Posted by: infideltaskforce | January 21, 2015

Malaysian Catholic Church loses legal tussle to use the word “Allah”

PUTRAJAYA: Malaysia’s Catholic Church on Wednesday (Jan 21) lost all legal recourse to lift a ban that has prevented it from using the word “Allah” in the Malay-language publication of the its weekly journal, the Herald.

The five-member Federal Court bench unanimously dismissed an application for a review of its earlier decision not to grant leave for an appeal.

The decision will mark the end of a six-year legal battle by the Catholic Church on usage of the word “Allah”, which authorities have said is for the exclusive use of Muslims.
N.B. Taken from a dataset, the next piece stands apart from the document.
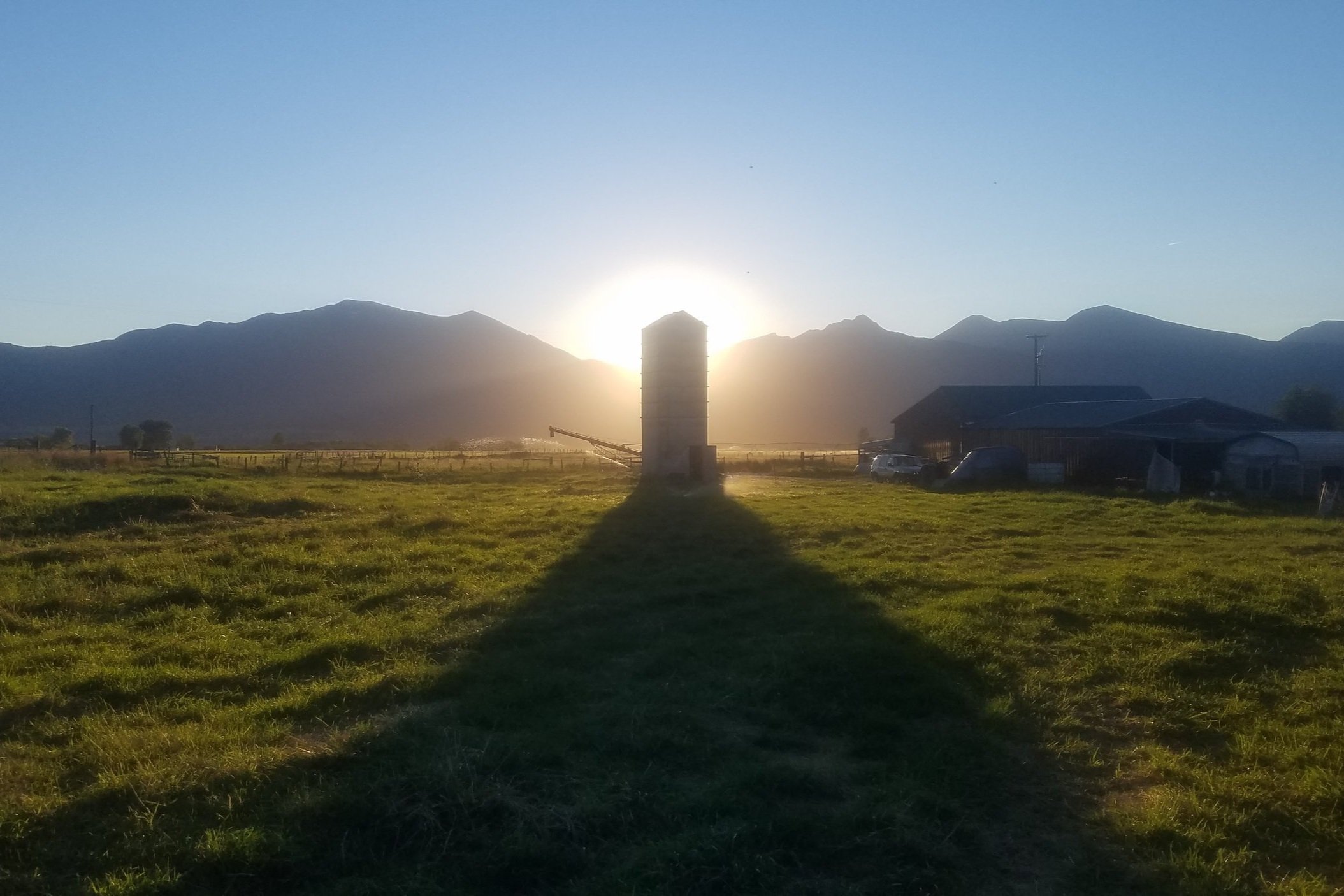 Beau+McLean+-+20200810_202406 Sunset view over a farm with a silo casting a long shadow, surrounded by green grass and mountains in the background, creating a serene rural landscape.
The Federal Court panel judged that there was no procedural unfairness.

But that is not the end of the road, said editor of the Herald Father Lawrence Andrew, even though it means he will never be able to print the word “Allah” in its Malay-language publications.

“What can we do? Our hands are tied right now. We live in this situation and we pray and hope that there will be an opening later. We hope and pray that the rights of minorities will not be trampled,” he said.
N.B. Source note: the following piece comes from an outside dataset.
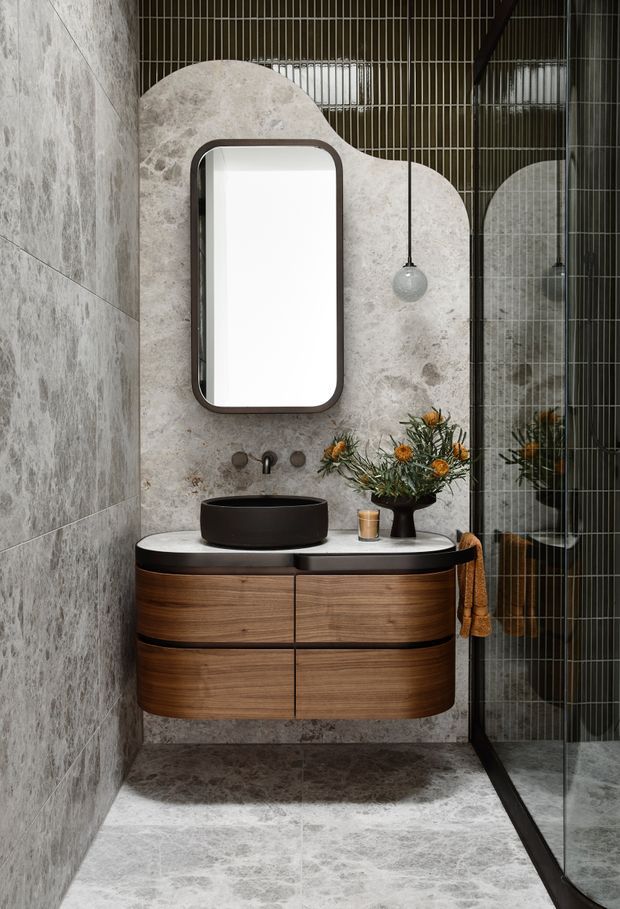 A sophisticated contemporary bathroom vanity area featuring a rounded-edge wall-mounted timber vanity with a dark vessel basin and pale stone benchtop. Large-format grey veined stone tiles cover the wall and floor, while a sculptural stone feature panel frames the rounded mirror. A glass shower screen with dark framing, a suspended globe pendant, and restrained botanical styling complete the space.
Malay-speaking Christians, who are a minority in Malaysia, have long been using the word “Allah” to describe God. But authorities felt that allowing its use would confuse Muslims into leaving their religion and disrupt peace in the country.
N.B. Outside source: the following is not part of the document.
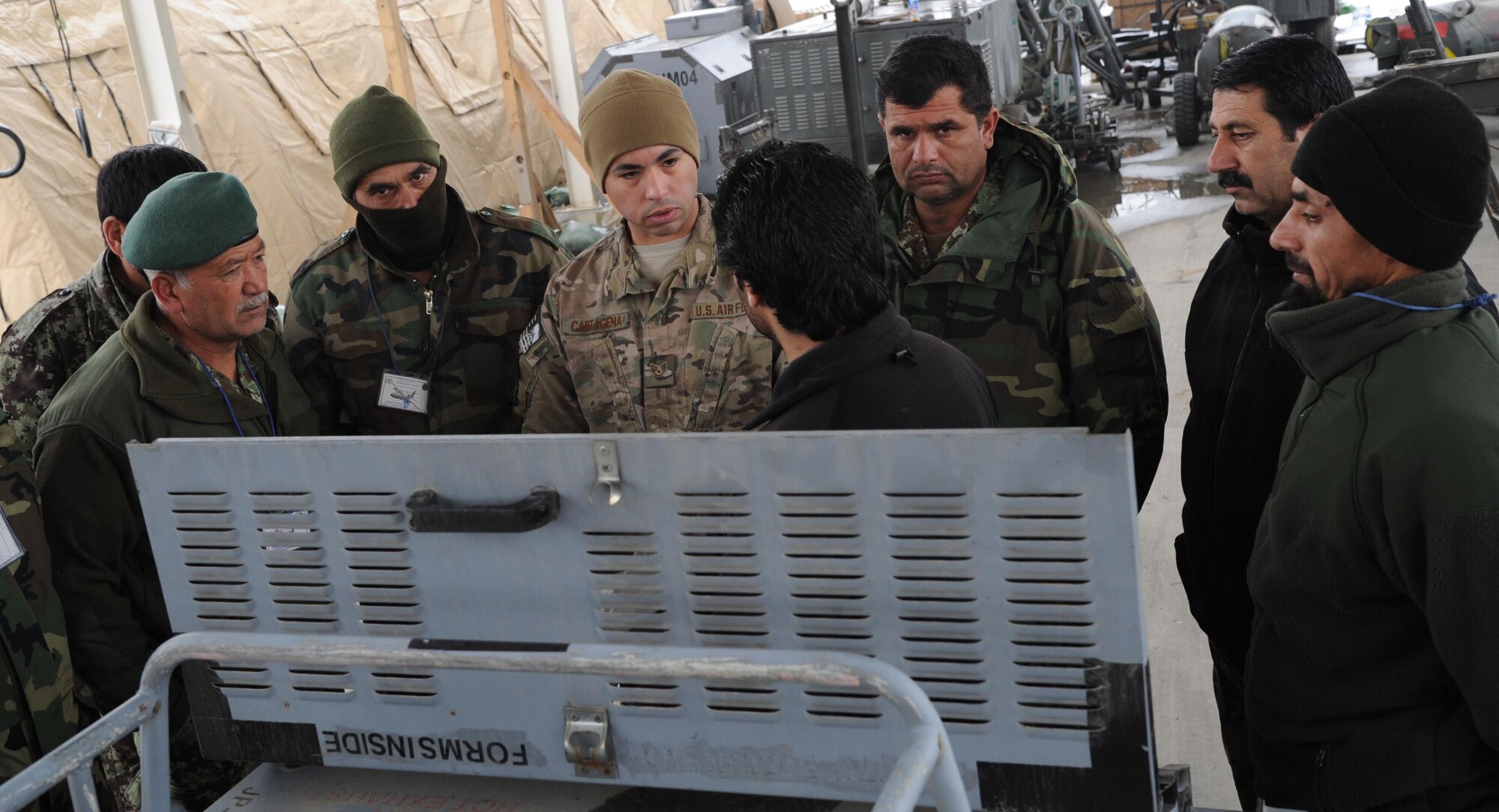 Staff Sgt. Jose Cartagena, Train, Advise, Assist Command-Air fixed wing advisor explains the proper way to conduct an operators inspection on a new generation heater. Aerospace ground equipment is one of the areas future Afghan C-130 maintainers are being taught during C-130 maintenance lead-in training. Afghan maintainers are already performing much of the work on their helicopter fleet, but are just beginning C-130 maintenance. (US Air Force photo by Senior Master Sgt. J. LaVoie/Released)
“The Muslims are not happy if non-Muslims are allowed to use Allah to refer to their god. It is not a blanket ban that non-Muslims cannot use the word ‘Allah’ at all,” said Zainol Rijal Abu Bakar, president of the Malaysia Muslim Lawyers Association.

The decision has been described as another missed opportunity by the federal court to uphold the federal constitution.

“Apex Court, Federal Court are reluctant to address political issues but this is more than a political issue,” said Gan Peng Sieu from the Malaysian Chinese Association, “Apex Court has a duty to defend the federal constitution. This issue has been prolonged, and it will be revisited and I’m sure the Federal Court will be haunted again.”

While its officially over for the Herald’s case, the impact of this decision will echo in the hearings of other pending cases, such as the seizure of Christian materials.